(Prompt)
Below is a listing; restate from it, character for character, the lines beginning at the line holding "Miniatura 5 de" and ending at the line holding "Ovaltine Chocolate Malt", both included.

(Source records)
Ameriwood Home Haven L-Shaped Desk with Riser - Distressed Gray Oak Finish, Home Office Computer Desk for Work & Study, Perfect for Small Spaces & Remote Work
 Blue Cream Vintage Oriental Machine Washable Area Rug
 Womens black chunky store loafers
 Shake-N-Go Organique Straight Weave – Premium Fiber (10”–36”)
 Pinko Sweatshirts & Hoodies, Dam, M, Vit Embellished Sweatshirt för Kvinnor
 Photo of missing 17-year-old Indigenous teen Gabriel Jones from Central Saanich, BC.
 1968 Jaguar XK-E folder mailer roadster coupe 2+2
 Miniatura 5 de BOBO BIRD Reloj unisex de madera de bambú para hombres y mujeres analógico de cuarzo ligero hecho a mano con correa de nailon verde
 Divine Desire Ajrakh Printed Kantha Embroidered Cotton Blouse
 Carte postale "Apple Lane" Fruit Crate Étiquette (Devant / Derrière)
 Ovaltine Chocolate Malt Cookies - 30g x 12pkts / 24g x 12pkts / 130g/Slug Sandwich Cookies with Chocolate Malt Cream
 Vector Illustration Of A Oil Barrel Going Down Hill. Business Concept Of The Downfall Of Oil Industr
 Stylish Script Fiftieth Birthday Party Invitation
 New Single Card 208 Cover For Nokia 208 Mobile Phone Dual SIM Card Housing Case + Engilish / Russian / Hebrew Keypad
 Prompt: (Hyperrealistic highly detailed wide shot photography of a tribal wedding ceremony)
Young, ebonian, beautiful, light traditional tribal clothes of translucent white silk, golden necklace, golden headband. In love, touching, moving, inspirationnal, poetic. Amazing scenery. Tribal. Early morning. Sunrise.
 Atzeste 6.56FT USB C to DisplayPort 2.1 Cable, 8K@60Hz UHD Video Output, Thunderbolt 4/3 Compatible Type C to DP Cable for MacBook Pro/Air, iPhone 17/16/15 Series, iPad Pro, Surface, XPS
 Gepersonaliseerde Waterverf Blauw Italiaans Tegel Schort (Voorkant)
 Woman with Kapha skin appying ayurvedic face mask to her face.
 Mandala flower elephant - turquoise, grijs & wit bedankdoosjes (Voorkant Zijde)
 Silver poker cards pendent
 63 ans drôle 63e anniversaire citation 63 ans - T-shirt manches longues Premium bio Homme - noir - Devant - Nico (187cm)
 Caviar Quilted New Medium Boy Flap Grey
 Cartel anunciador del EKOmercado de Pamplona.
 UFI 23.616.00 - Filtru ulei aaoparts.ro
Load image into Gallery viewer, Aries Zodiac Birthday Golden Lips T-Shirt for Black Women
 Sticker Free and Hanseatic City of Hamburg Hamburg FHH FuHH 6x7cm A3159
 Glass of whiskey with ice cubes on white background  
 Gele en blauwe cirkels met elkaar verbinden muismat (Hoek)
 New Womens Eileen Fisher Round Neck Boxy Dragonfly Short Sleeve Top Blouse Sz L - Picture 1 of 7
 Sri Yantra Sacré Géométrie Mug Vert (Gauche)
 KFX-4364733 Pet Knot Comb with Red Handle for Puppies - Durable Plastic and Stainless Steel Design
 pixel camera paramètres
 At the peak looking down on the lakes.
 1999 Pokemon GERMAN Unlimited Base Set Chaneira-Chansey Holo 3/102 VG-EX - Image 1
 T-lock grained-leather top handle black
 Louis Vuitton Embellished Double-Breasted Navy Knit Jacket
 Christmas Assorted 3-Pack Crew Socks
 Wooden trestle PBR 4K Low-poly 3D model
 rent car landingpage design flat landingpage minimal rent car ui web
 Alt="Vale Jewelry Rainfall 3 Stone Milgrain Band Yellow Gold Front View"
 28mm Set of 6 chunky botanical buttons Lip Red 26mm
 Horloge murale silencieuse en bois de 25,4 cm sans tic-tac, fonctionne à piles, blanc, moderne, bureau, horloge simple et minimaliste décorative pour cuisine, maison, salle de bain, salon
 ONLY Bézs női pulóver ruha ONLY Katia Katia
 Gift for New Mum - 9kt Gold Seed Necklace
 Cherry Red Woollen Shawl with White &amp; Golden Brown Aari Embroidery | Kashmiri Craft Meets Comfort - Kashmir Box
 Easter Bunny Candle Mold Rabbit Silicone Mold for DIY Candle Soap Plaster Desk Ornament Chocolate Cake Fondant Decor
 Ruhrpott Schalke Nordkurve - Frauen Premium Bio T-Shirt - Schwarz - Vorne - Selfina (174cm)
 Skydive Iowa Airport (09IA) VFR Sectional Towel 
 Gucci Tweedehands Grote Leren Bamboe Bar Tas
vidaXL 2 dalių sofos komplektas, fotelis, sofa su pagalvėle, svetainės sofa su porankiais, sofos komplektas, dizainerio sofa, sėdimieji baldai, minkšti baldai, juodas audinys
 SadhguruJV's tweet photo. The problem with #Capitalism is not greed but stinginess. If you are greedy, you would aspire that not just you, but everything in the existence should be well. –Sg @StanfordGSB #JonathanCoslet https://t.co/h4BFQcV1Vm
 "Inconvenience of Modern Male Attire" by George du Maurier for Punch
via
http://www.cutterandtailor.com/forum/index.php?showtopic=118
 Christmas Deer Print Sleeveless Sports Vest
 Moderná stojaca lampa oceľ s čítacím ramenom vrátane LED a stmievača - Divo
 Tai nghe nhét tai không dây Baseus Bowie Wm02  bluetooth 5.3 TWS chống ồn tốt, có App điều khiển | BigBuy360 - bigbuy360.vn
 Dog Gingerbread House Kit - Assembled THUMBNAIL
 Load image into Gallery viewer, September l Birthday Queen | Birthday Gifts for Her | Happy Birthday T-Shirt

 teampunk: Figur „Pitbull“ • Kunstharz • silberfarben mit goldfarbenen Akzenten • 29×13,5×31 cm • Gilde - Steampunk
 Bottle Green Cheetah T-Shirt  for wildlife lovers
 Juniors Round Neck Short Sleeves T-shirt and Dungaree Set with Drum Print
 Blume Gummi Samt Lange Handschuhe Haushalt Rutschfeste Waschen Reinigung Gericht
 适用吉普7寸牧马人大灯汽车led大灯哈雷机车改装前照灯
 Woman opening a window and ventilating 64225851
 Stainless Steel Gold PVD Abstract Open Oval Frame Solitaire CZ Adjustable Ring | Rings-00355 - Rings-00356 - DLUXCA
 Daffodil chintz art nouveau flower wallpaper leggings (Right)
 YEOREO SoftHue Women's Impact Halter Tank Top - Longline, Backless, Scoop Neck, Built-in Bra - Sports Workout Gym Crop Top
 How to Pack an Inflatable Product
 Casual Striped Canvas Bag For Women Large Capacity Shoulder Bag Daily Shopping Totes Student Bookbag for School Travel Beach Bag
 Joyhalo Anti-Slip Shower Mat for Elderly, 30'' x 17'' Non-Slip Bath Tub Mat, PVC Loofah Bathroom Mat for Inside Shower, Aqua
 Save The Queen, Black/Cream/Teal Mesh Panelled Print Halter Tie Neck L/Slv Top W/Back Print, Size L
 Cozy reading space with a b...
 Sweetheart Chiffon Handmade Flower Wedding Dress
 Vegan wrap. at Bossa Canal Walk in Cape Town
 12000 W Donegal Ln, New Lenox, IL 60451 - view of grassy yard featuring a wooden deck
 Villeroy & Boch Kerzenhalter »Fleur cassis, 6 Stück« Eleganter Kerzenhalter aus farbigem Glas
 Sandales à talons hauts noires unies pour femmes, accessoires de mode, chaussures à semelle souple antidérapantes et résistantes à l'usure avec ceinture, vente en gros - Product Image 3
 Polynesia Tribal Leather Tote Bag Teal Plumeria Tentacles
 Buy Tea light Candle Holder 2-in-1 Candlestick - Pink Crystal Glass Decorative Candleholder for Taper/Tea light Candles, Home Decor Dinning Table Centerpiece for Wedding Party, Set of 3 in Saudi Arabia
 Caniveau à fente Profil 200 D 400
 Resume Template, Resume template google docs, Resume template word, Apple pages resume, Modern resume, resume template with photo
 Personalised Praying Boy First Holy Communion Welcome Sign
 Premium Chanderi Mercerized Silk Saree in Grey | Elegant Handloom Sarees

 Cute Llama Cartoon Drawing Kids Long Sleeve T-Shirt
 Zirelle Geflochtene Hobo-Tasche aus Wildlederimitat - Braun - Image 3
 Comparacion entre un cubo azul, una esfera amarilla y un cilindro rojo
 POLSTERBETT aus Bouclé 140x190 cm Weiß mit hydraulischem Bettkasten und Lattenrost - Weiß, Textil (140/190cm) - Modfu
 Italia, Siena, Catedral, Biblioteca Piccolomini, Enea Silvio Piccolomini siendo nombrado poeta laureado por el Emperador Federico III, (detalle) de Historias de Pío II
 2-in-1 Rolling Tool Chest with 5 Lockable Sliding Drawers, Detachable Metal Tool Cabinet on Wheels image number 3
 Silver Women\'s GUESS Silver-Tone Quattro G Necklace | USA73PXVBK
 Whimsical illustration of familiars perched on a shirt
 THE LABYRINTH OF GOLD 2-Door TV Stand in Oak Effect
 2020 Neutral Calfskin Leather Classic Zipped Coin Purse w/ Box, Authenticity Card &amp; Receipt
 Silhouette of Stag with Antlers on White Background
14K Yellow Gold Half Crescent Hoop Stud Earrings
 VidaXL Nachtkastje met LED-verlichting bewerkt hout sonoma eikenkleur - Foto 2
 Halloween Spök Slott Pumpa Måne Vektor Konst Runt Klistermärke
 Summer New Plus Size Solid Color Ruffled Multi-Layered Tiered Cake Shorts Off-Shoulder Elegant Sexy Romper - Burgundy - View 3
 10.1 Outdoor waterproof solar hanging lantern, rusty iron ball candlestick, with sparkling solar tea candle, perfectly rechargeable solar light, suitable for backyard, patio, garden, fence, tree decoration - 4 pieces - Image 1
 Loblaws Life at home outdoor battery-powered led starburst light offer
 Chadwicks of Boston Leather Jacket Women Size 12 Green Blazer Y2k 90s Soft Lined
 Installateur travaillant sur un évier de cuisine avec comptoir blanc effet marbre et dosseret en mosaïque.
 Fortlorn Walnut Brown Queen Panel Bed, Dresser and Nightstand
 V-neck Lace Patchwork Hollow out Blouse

(Exercise result)
 Miniatura 5 de BOBO BIRD Reloj unisex de madera de bambú para hombres y mujeres analógico de cuarzo ligero hecho a mano con correa de nailon verde
 Divine Desire Ajrakh Printed Kantha Embroidered Cotton Blouse
 Carte postale "Apple Lane" Fruit Crate Étiquette (Devant / Derrière)
 Ovaltine Chocolate Malt Cookies - 30g x 12pkts / 24g x 12pkts / 130g/Slug Sandwich Cookies with Chocolate Malt Cream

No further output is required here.